Ultraviolet Blood Irradiation | What Is It And How Does It Work

If you are not familiar with ultraviolet blood irradiation (UBI), you are not alone. Popular in the 1940s, it fell out of use when other procedures were discovered. Today, however, ultraviolet blood irradiation is seeing a resurgence. Here's what you need to know. 

What is ultraviolet blood irradiation?

Ultraviolet blood irradiation, also known as ultraviolet blood therapy, is a treatment that uses ultraviolet light to destroy bacteria, viruses, and other pathogens in the blood. The treatment is similar to other types of ultraviolet light therapy, such as UV disinfection, which sterilizes surfaces and water.

What is ultraviolet blood irradiation used for?

Ultraviolet blood irradiation can be used to treat a variety of conditions, including bacterial infections, viral infections, fungal infections, and autoimmune disorders. A form of UBI is also used to treat some forms of skin cancer.

How does ultraviolet blood irradiation work?

During ultraviolet blood therapy, a small amount of blood is taken from the patient and exposed to ultraviolet light. Ultraviolet light kills bacteria, viruses, and other pathogens in the blood by damaging their DNA or RNA. The treated blood is then returned to the patient's body, where it can help fight infection or disease.

Are there any side effects of ultraviolet blood irradiation?

Ultraviolet blood irradiation is generally considered safe. Some people may experience side effects, such as fever, chills, nausea, fatigue, or skin rash. These side effects are usually mild and go away on their own.

Why did doctors stop using ultraviolet blood irradiation, and why are they using it again now?

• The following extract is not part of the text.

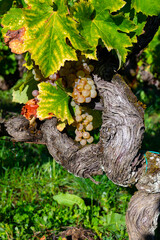 Ripe ready to harvest Semillon white grape on Sauternes vineyards in Barsac village affected by Botrytis cinerea noble rot, making of sweet dessert Sauternes wines in Bordeaux, France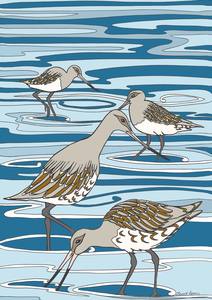 Tiki Tour - Godwits at Miranda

Ultraviolet blood irradiation was popular in the 1940s and 1950s. However, it fell out of favor as newer, more effective treatments for fighting infections were developed. In recent years, however, there has been a resurgence in interest in ultraviolet blood irradiation as an alternative or adjunctive treatment for certain conditions, such as infections that are resistant to antibiotics.

When is irradiated blood needed?

If you have an infection or autoimmune disorder, your doctor may recommend ultraviolet blood irradiation. This is because UBI can help destroy the pathogens causing your illness. Likewise, if you have skin cancer, your doctor may recommend a form of ultraviolet blood irradiation called phototherapy. This treatment uses a photosensitizer, a type of light-sensitive drug, to destroy cancer cells.

If you think you might benefit from ultraviolet blood irradiation treatment, talk to your doctor about whether it is right for you.